6. What's the candidate privacy posture? OS-level monitoring requires substantial trust. Verify the vendor has clear disclosure to candidates about what's monitored, narrow data collection limited to integrity needs, immediate purging after the audit window, and clear retention policies. The privacy story is as important as the integrity story.

7. What's the candidate-experience design? Does the installation flow work cleanly on first attempt? Is there clear guidance for candidates on hardware requirements? What's the support path when something fails mid-session? OS-level proctoring done well preserves candidate trust; done poorly destroys it.

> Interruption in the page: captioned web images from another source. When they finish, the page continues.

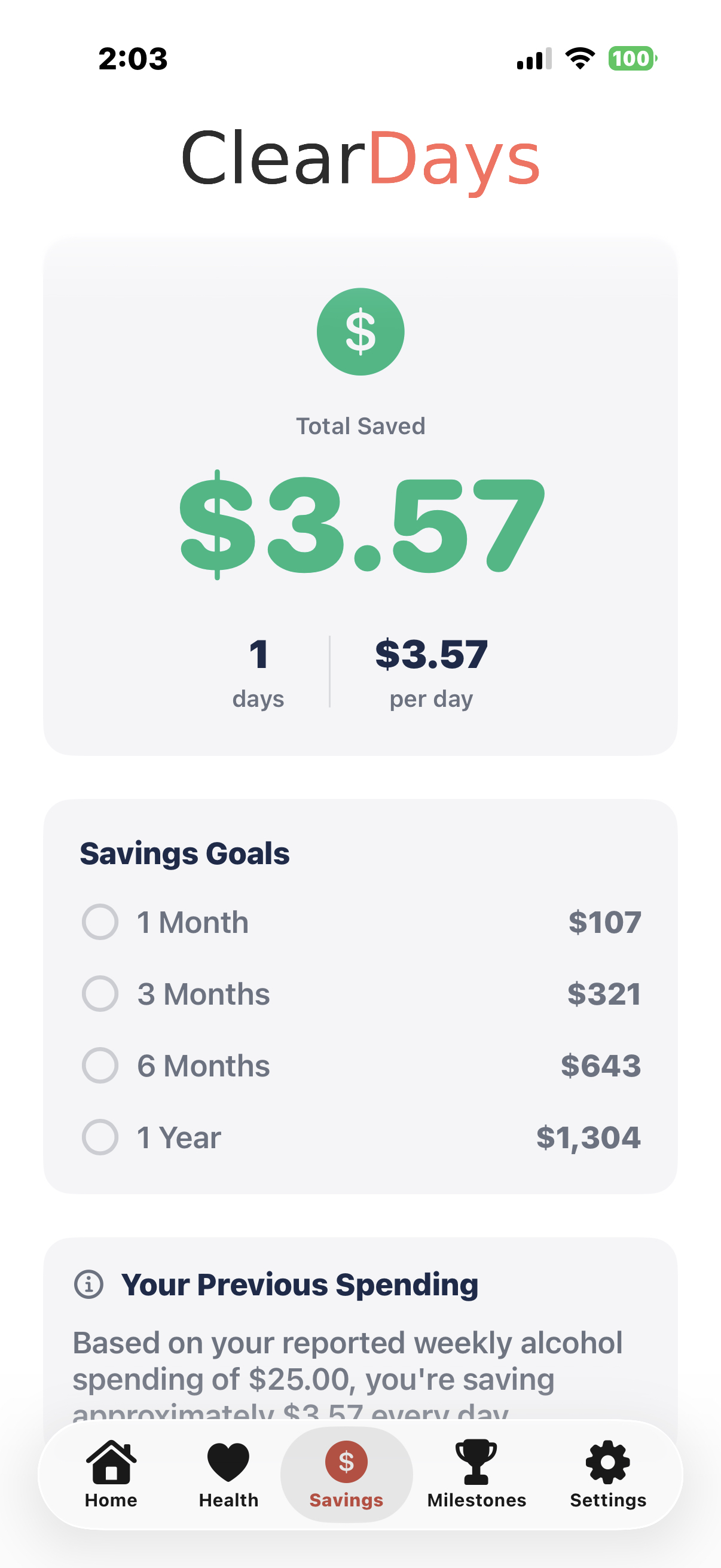 Clear Days Savings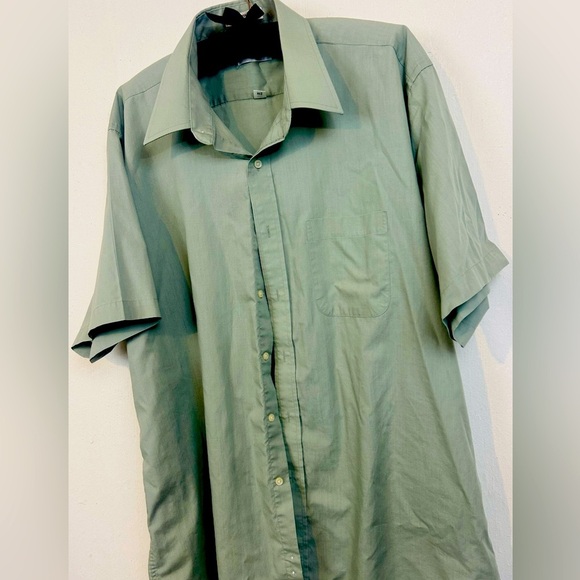 Pierre Cardin Green Short Sleeve Button Down Shirt, 17.5 8/8 - Picture 1 of 4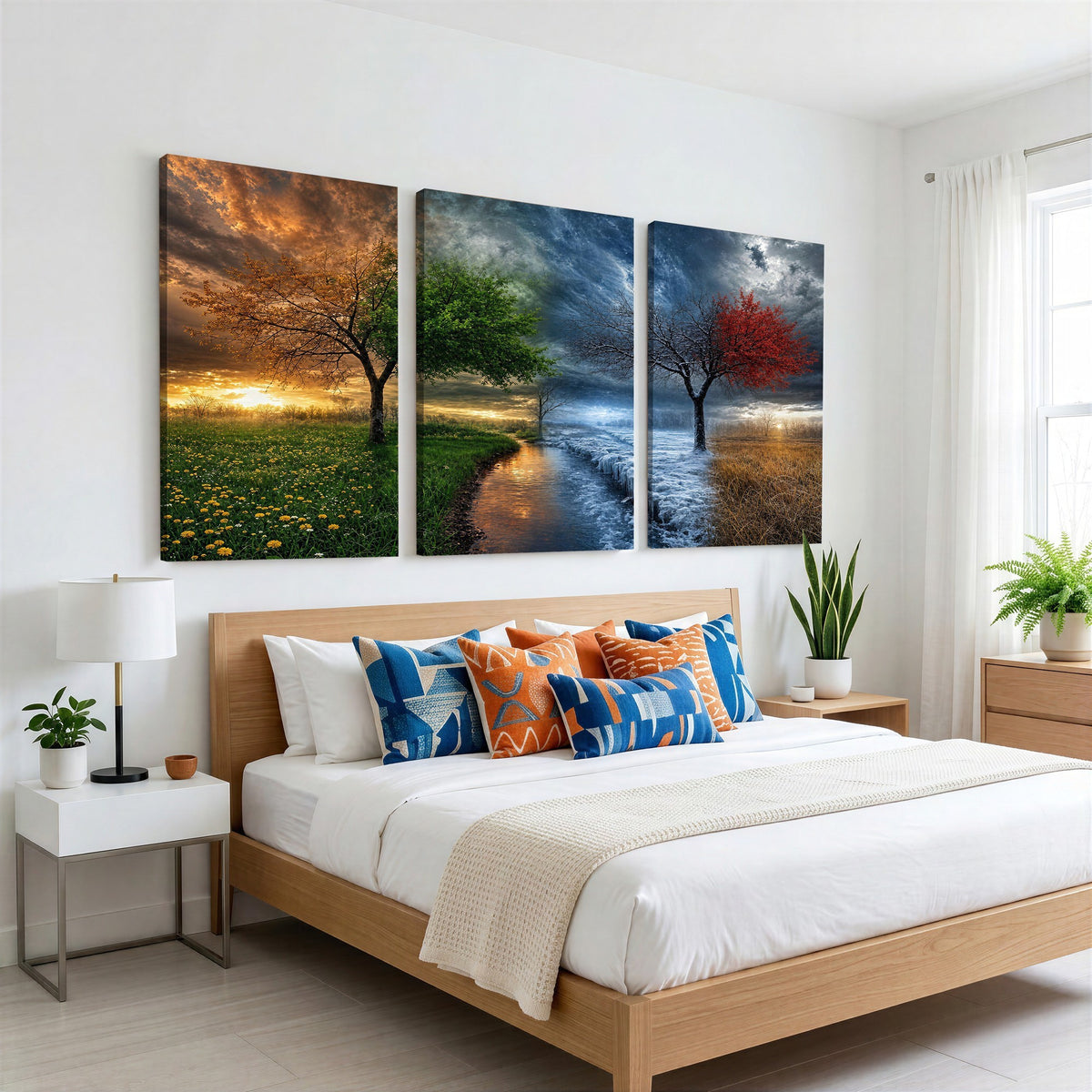 61895574-MGV-CV-24X16 - Four Seasons Tree Canvas Wall Art, Nature Landscape Canvas Print for Living Room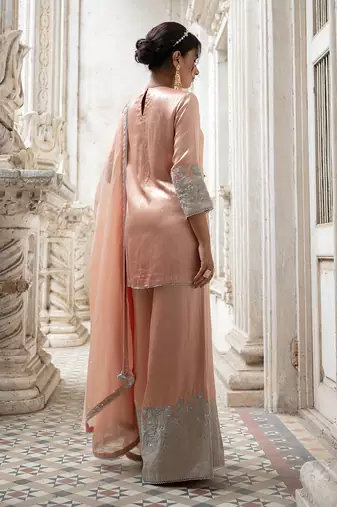 Peach silver tissue sharara set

8. What's the audit trail and explainability? When a candidate disputes a flag, the vendor needs to be able to show the evidence - video frames, process snapshots, network activity, behavioural patterns. Verify the audit trail is comprehensive and the dispute-resolution path is defined.

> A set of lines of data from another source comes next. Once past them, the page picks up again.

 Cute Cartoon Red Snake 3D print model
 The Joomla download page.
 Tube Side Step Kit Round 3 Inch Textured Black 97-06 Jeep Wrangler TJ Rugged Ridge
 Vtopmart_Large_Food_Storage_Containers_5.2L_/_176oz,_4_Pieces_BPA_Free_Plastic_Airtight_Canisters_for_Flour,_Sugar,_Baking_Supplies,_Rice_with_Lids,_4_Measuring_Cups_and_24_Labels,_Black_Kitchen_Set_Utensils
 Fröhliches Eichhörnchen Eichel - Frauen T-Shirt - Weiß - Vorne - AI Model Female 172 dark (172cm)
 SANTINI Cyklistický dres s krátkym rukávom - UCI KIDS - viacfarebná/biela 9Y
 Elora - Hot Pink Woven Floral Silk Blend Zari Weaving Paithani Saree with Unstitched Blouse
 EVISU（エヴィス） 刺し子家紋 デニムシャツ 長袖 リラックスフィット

Where Skolarli sits in this conversation

Worth being direct about the deliberate bet: Skolarli built OS-level integrity infrastructure from the start, not as a premium add-on but as the architectural foundation. The Skolarli Secure Browser is the only Indian platform with OS-level AI tool blocking - running at the process and network level, not as a browser extension.

Specifically:

1. Blocks ChatGPT, Claude, Copilot, Gemini, Perplexity, and a continuously updated list of AI tool signatures. The detection layer operates at the OS level, not the browser layer. Roughly 95% of common AI tool attempts are blocked, based on analysis of 2,000+ proctored assessments published in our research post.
2. Combined with SkoAI Proctor - face recognition, voice fingerprinting, behavioural analysis - produces a 0-100 trust score with severity-weighted violation logging. Integrity infrastructure operates across multiple layers (identity, environment, behaviour, OS-level enforcement) rather than at the browser layer alone.
3. Human-in-the-loop on every consequential decision. Skolarli does not auto-reject candidates based on integrity signals. Flagged sessions surface to human reviewers with explainable evidence. (Why this matters from a regulatory and quality perspective.)
4. DPDP Act 2023 compliant, in-VPC processing, no public LLM API calls with customer data. The integrity infrastructure runs inside Skolarli's controlled architecture - the deeper integrity layer doesn't come at the cost of weaker data protection.

The honest framing: Skolarli is positioned for organisations where assessment integrity actually matters - competitive hiring, high-value certifications, regulated industry assessments. For organisations running low-stakes internal training quizzes, the operational cost of OS-level proctoring is overkill, and browser-only proctoring vendors serve that market more cost-effectively.

About this piece

This post is part of the Skolarli Buyer's Compass, an analytical series from Skolarli Akademy Research covering the structural decisions facing hiring and L&D buyers in the AI era.

Skolarli Akademy Research is the editorial arm of Skolarli Edulabs Pvt. Ltd., publishing analysis on learning, hiring, and assessment infrastructure. Findings are reviewed by Skolarli's founders and product leaders before publication.

Reviewed by Jayalekshmy Nair, Co-founder & CTO, Skolarli.